Pioneer Institute welcomes the news that the MBTA will not renew its contract with problem-plagued commuter rail operator Keolis Commuter Services when the term ends in 2022. If the MBTA can put an effective bidding process into place for the next contract, this is a positive development for the hundred thousand-plus riders who depend on the system every day.
Since 2013, Pioneer Institute has published a steady stream of research, op-eds, blog commentary, and media appearances critical of Keolis’ performance, and calling for greater penalties for lack of performance and even re-opening the current contract. Increasingly frequent cancellations have incurred a reported $14 million in fines over the past two years, many of which have been forgiven by the MBTA, and the system has been hampered by insufficient staffing, defective equipment, and train shortages.
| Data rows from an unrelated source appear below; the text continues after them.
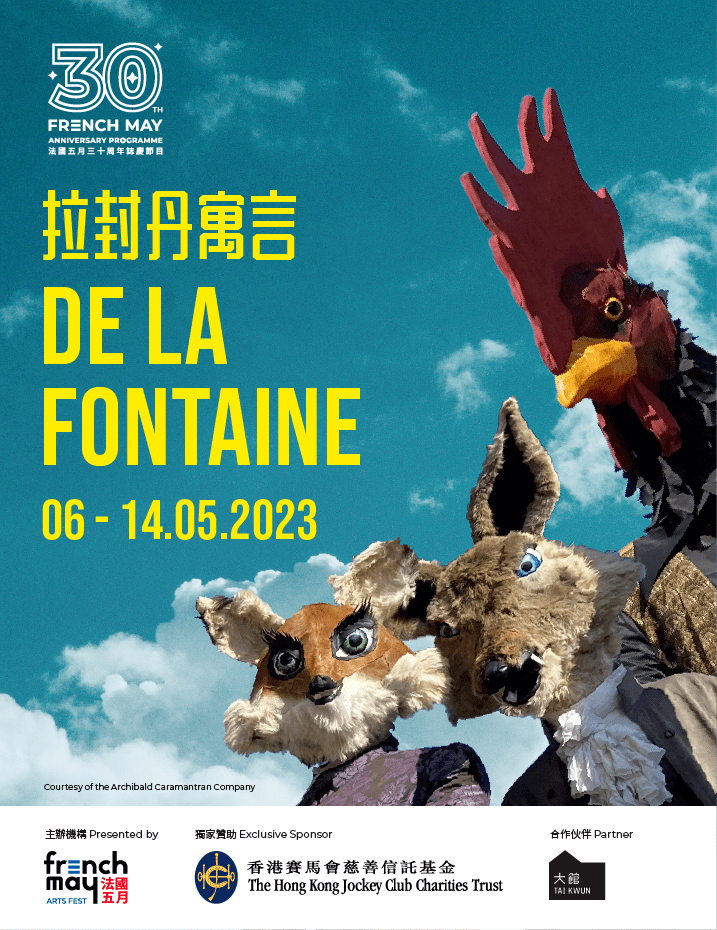 �����һ�����Ȱ��������������ʲô��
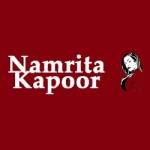 Namrita Kapoor
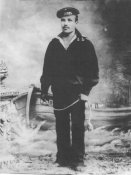 новиков прибой кронштадд 1901.jpg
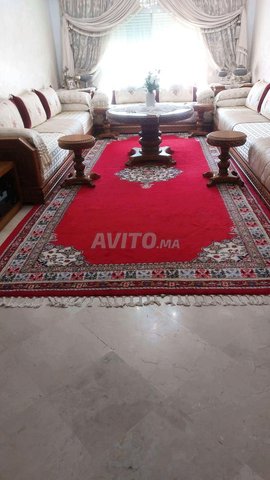 طابلو رباطي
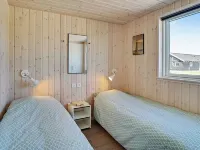 Holiday Home in Kappeln Hotels in Kappeln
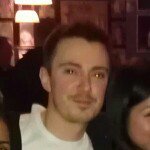 Profile Picture of Mark Pidgeon (@markpidgeon) on Instagram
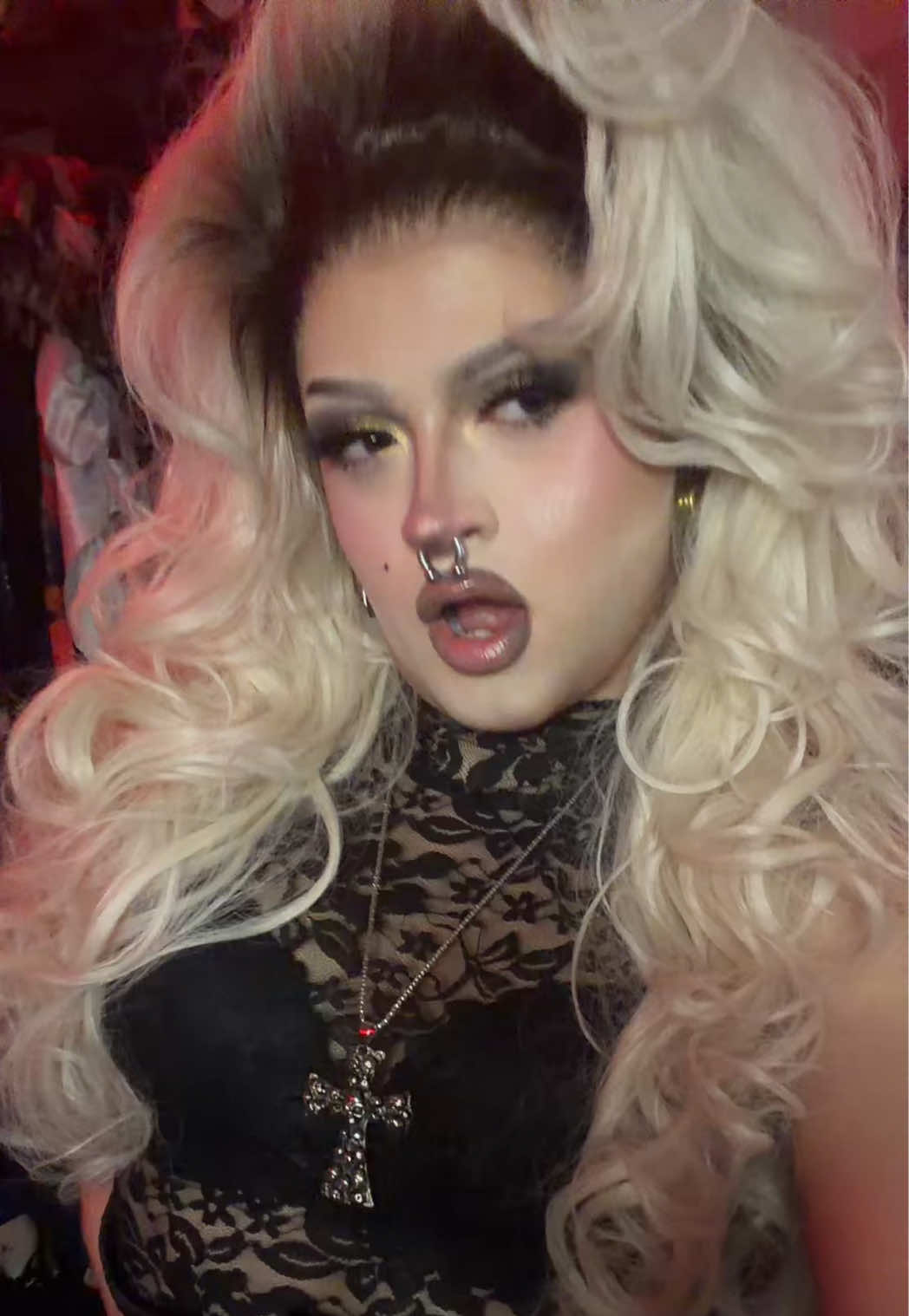 @⚰️🩸☠️Magix☠️🩸⚰️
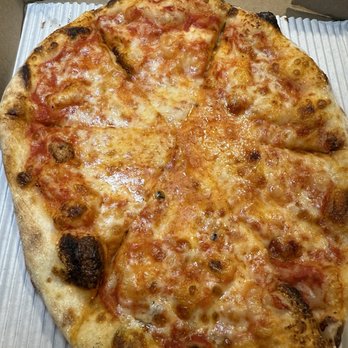 Pizzeria Marzano - Kids cheese - Pizza Near Me - Torrington, Connecticut Pizzeria Marzano - Kids cheese - Pizza Near Me - Torrington, Connecticut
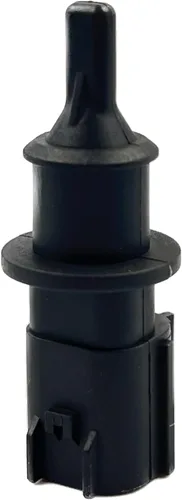 Vista 3 de DEVMO 5149264AA 5293138AA SU3336 5S1076 AX112 Sensor de temperatura cargado por aire compatible con Sebring PT Cruiser Avenger Caliber Journey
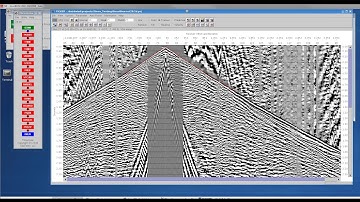 GeoThrust 2D Training Video Part 1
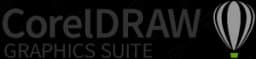 Coreldraw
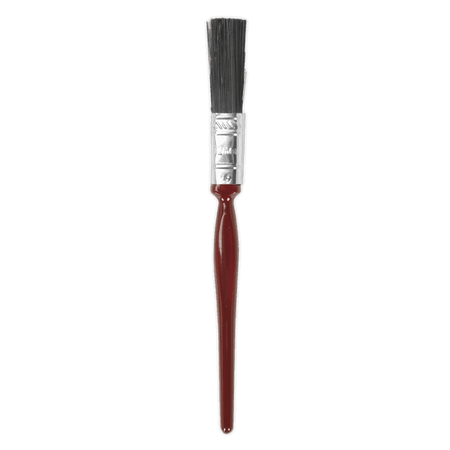 Sealey General Purpose Paint Brush 12mm Pack of 10 Model No-20094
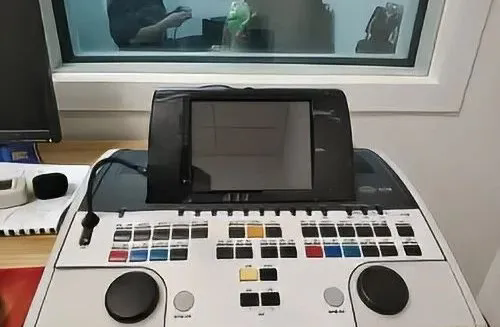 醫(yī)院簡介(圖5)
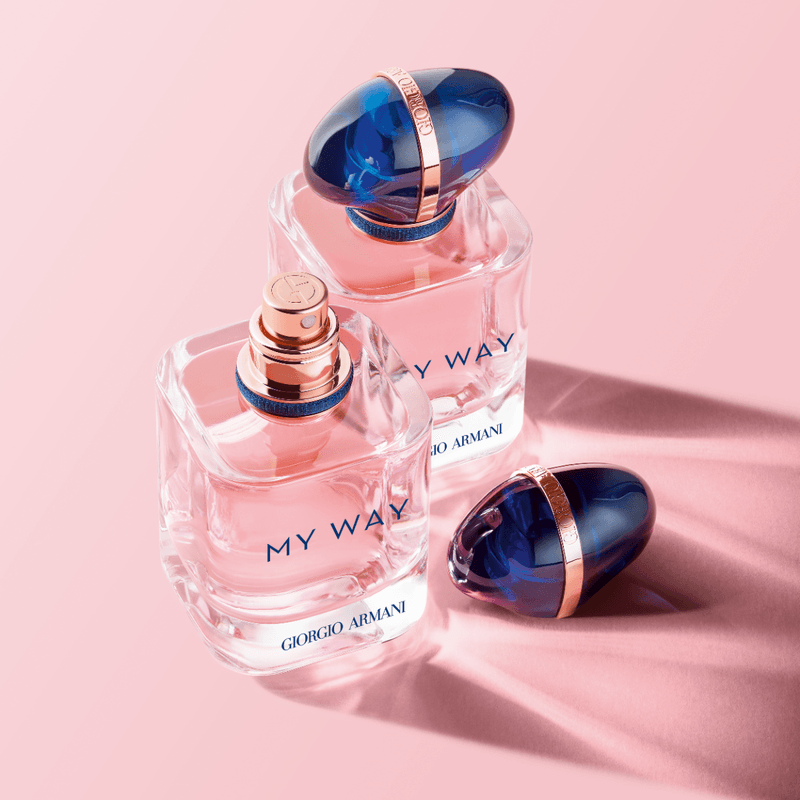 My-Way-EDP-50ml-3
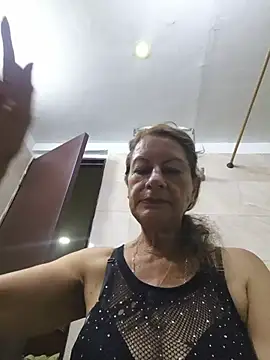 Snapshot of MaryeLunna chatting on 23, 5, 2026 MaryeLunna online show from 23, 5, 2026
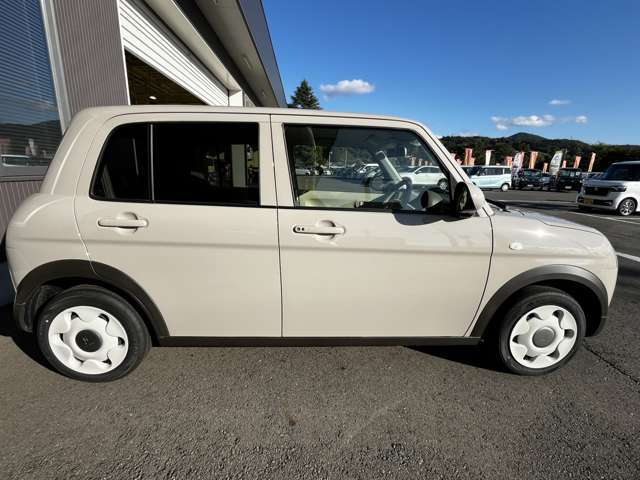 車検整備やメンテナンスもきたかみ自販にお任せください♪スピーディーでリーズナブルなご対応を心がけております！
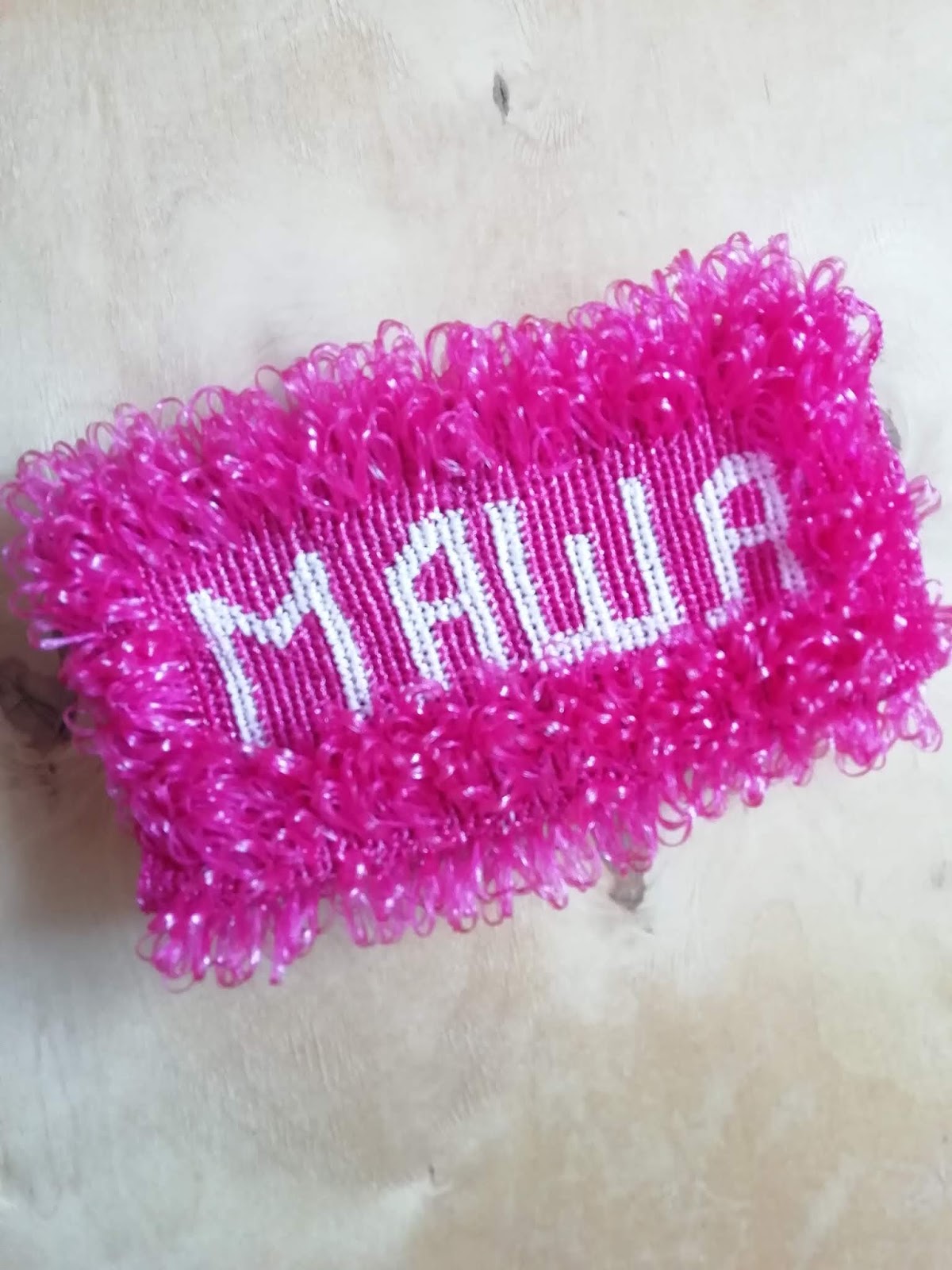 вязаные мочалки именные. вязаные мочалки именные. именные мочалки крючком. именные мочалки с вытянутыми петлями. мочалка именная крючком с вытянутыми петлями.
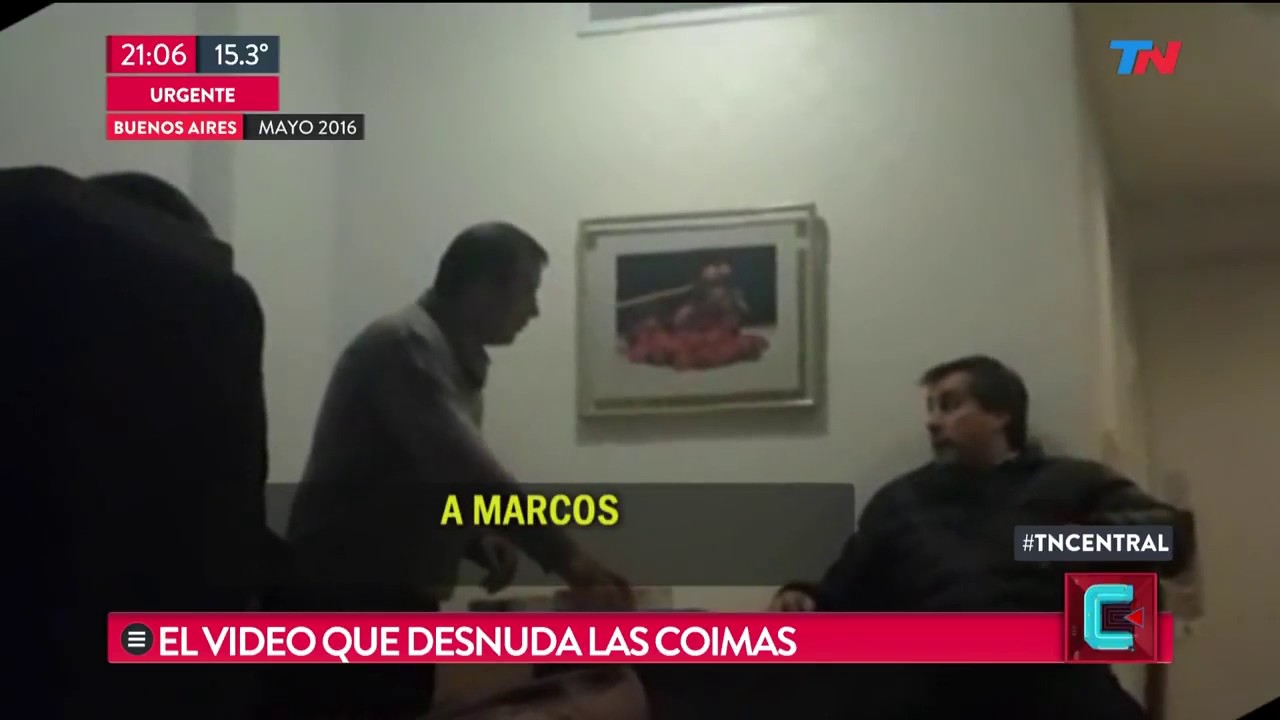 Parte-del-Informe-de-TN-sobre-coimas-a-Facundo-Prades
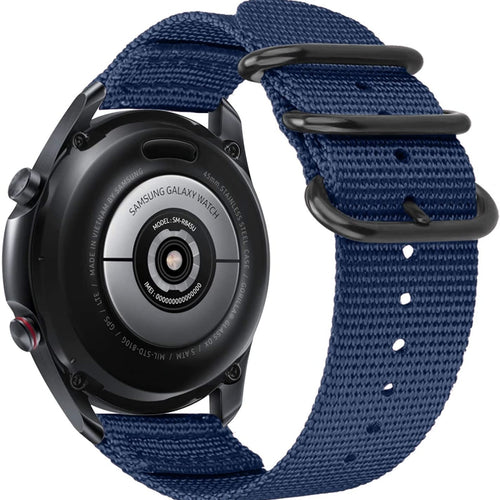 galaxy-watch-5-nylon-armband-grau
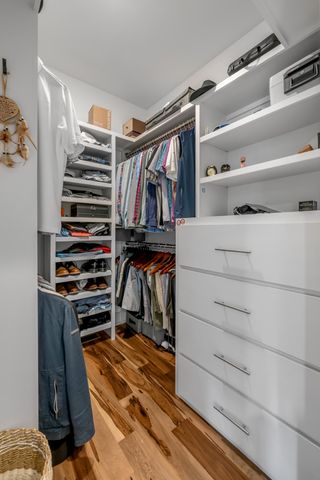 916 Bravington Way, Lexington, KY 40503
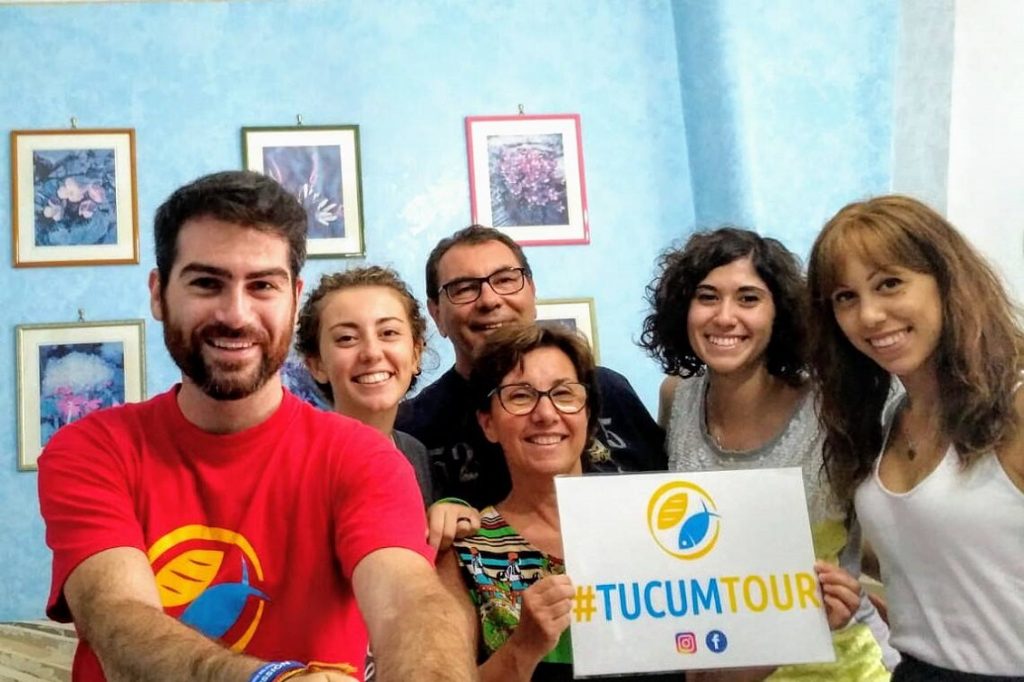 tucum4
While Pioneer, too, is impatient to see Keolis’ service improve, the Institute also opposed the MBTA’s decision to waive fines and pay the vendor an additional $66 million, on top of its $2.68 billion contract.
We are guided by a basic premise: when procuring a public service through a private contractor, the terms of the contract must be enforced – or the public suffers.
Two years ago, Pioneer Institute proposed a comprehensive fix for the MBTA, which included the establishment of a control board, and other powers. In that document, and before, Pioneer is on the record repeatedly (1) questioning the procurement process which ultimately led to only two commuter rail bidders and (2) calling for the penalty provisions of the contract to be consistently enforced.
We applaud this decision and look forward to pressing for the kind of open procurements that will attract more high-quality bidders, as well as providing insights on the type of contract that might actively promote higher quality service and the modernization of commuter rail systems, vehicles, and infrastructure.